Cultist From Ellensburg: Intelligent, High Ideals

ELLENSBURG - The photographs of Margaret "Peggy" Bull in her high school and University of Washington yearbooks are remarkably similar - softly styled hair, porcelain skin and a calm and gentle face staring at the camera.

That Peggy Bull - kind, friendly, nice, intelligent - is the one her relatives, classmates and friends from Eastern Washington remember.

Yesterday, in home, at work, even at local restaurants here, people were trying to comprehend how Bull traveled the long road from this small farming town to a mass cult suicide in the posh Southern California suburb of Rancho Santa Fe.

"It's really, really sad," said Doreen Chamness, a classmate at Ellensburg High School. "She was an extremely intelligent girl and very kind. It's really sad because she had so much to offer and it's been taken away from us."

Like many of Bull's classmates and friends, Chamness had not seen Bull since high school. While planning a class reunion years ago, Chamness learned that Bull had joined a cult. Other classmates had learned the direction Bull had chosen from her family.

Bull, who was 54, had last returned to Ellensburg in 1993.

Bull "was the closest thing to a sister" Jake Kilpatrick ever had. Even for cousins, the two were extremely close, he recalled yesterday.

His voice catching with sobs, Kilpatrick recalled that "when Peg came back home in '93, my wife and I drove right over to the farm near Ellensburg to pick her up."
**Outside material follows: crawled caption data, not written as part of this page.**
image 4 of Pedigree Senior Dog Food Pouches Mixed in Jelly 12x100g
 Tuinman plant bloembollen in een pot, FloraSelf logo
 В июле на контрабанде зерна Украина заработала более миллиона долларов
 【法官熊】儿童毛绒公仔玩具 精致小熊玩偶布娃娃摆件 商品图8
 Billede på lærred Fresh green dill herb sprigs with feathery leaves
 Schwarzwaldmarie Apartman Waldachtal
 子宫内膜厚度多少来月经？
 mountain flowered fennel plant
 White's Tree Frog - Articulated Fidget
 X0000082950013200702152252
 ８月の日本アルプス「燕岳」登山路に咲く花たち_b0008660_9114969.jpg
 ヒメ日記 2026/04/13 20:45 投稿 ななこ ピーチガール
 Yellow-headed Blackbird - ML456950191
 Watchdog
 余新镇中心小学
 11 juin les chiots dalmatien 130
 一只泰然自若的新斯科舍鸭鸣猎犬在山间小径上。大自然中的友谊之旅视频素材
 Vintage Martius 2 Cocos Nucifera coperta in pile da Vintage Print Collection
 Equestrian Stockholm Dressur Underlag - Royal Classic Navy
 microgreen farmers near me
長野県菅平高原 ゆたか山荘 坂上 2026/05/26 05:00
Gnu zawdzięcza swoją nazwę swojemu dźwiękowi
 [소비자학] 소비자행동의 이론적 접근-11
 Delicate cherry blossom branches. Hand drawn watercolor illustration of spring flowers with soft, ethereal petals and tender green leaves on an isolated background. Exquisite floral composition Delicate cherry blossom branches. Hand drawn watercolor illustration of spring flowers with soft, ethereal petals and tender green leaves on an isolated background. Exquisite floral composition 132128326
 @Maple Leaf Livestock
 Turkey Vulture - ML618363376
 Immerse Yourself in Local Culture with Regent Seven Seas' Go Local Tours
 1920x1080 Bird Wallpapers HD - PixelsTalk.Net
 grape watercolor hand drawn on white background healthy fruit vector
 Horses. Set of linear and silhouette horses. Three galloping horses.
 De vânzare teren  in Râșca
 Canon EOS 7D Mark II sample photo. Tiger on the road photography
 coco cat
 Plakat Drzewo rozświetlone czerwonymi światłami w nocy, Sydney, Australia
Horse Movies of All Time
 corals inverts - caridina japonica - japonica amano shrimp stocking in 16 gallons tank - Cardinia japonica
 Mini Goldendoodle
She stayed with the Kilpatricks for three days in their home northwest of Colville, Stevens County.

"She was just very much into being present in the moment," Kilpatrick recalled. "That was very important to her. She had very high ideals and put freedom above love.

"To her, freedom was the ability to know more dimensions than the world we are in," he remembered. "Eating correctly, not just with the taste buds, was very important to Peg, and we talked a lot about what food had to do with enlightenment."

That contact was only the second of any length in almost 20 years between Bull and Kilpatrick.

Kilpatrick, his mother and brother lived for 18 months in the early 1960s with the Bull family on their farm outside of Ellensburg.

"There was no time that I didn't like Peg. She probably is one of those people unable to live within a system. That is too confining to allow for the human spirit to go where it needs to go," Kilpatrick said.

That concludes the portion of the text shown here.